Une menace à laquelle le Rwanda a répondu en opérant des coupes claires dans le secteur sud (Mikeno) du parc national des Virunga, placé en RDC et faisant parti de l’héritage mondial et où vivent notamment des gorilles. L’armée rwandaise a aussi selon les experts été récemment déployée dans plusieurs localités de RDC, et notamment Runyoni, le parc Jomba, Kabonero, Lushabanda, Ruginga et Nchanzu. « Le groupe des experts a conclu que la présence des FDLR dans le secteur et ses incursions limitées de l’autre côté de la frontière ne justifiaient pas le niveau de déploiement des troupes rwandaises en RDC », poursuit le rapport.
Jean-Pierre Bemba écorché par le rapport
Le rapport est accablant pour le Rwanda, mais il met aussi en cause l’Ouganda. Beaucoup de trafic se fait sur le lac Albert, et notamment entre le port ougandais de Ntoroko (sud du lac) et le port congolais de Kasenyi, contrôlé par le « chef Kahwa » de l’ancien Parti pour l’Unité et la Sauvegarde de l’Integrité du Congo (PUSIC), ainsi que le port de Tchomia, contrôlé par le « chef Kisembo ». « Le groupe d’experts pense que la complicité ougandaise, dans son soutien à Khawa qui a formé une partie de son réseau en territoire ougandais, est en violation de l’embargo sur les armes – bien que Kahwa, au cours d’un entretien enregistré, ait dit recevoir ses armes du Rwanda », précise le rapport. Et de poursuivre : « Comme Kahwa, le Commandant Jérôme, dirigeant du groupe armé d’Ituri Forces Armées du Peuple Congolais (FAPC) a comploté avec des leaders politiques et économiques ougandais pour mettre en place un réseau qui génère des revenus liés à des taxes d’import et de transit des deux côtés de la frontière, et, en retour, jouit toujours de liens politiques, militaires et financiers avec l’Ouganda. » « Le FAPC contrôle étroitement son côté de la frontière avec l’aide de troupes ougandaises en RDC, comme l’ont directement observé les experts du groupe » apprend-on aussi.

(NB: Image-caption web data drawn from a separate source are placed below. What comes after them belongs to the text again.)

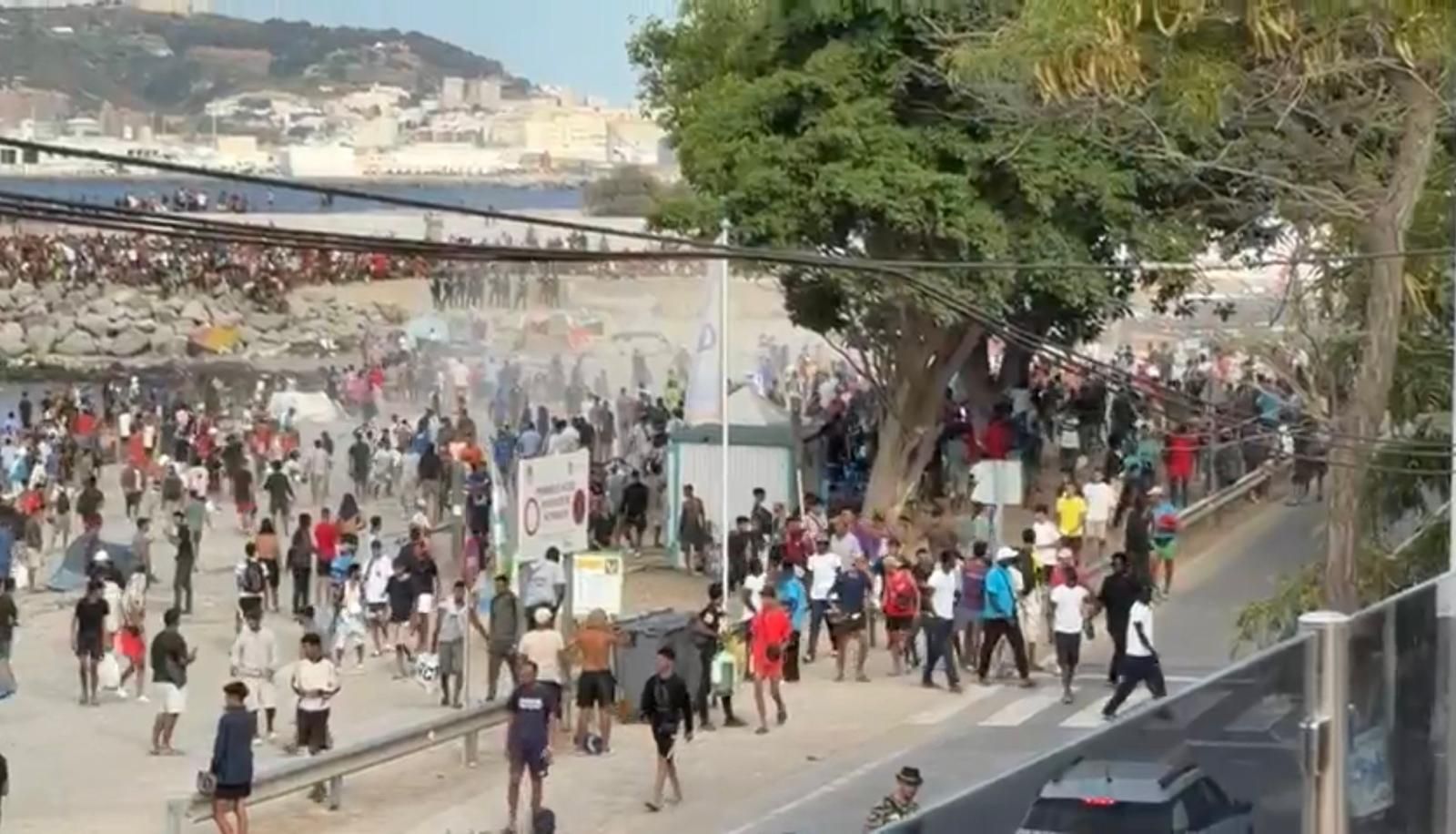 La Policía Nacional usa el gas lacrimógeno en la playa del Trampolín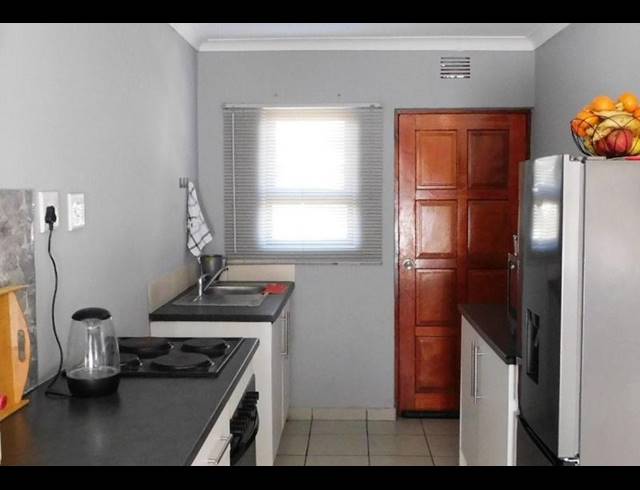 2 BEDROOM APARTMENT FOR SALE IN NEWLANDS EAST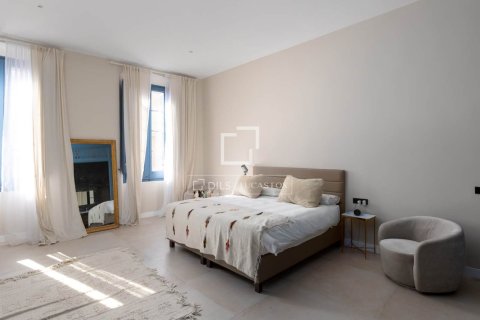 5 bedrooms villa for sale in El Masnou, Barcelona, Catalonia, Spain № 9091 - photo 16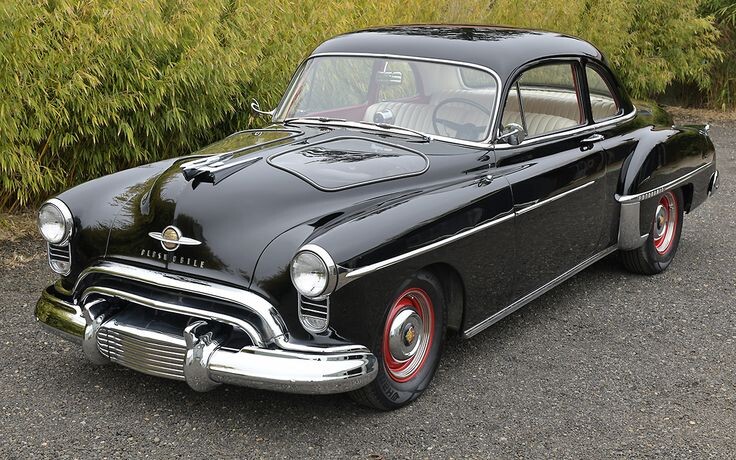 Oldsmobile Rocket 88 Источник: изображение взято в свободном доступе из интернета (Яндекс.Картинки).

Le vice-président congolais et ancien chef rebelle Jean-Pierre Bemba est également écorché. « Du 20 au 22 janvier 2004, un total de 5 Antonov 26 ont atterri à l’aéroport de Gbadolite, en provenance de Basankusu, sur les ordres de Mbiato Konzoli, le conseiller militaire du Vice Président Bemba à Gbadolite, avec une quantité considérable d’armes, y compris des armes lourdes et des munitions à bord. Pendant cette période, l’accès à l’aéroport a été refusé par les troupes ex-MLC (Mouvement de libération du Congo) aux observateurs militaires et au personnel civil de la MONUC, en contravention du paragraphe 19 de la résolution 1493 du Conseil de sécurité. » Les avions appartenaient à une compagnie que possède M. Bemba, qui n’avait pas jugé bon de prévenir l’armée de ces mouvements.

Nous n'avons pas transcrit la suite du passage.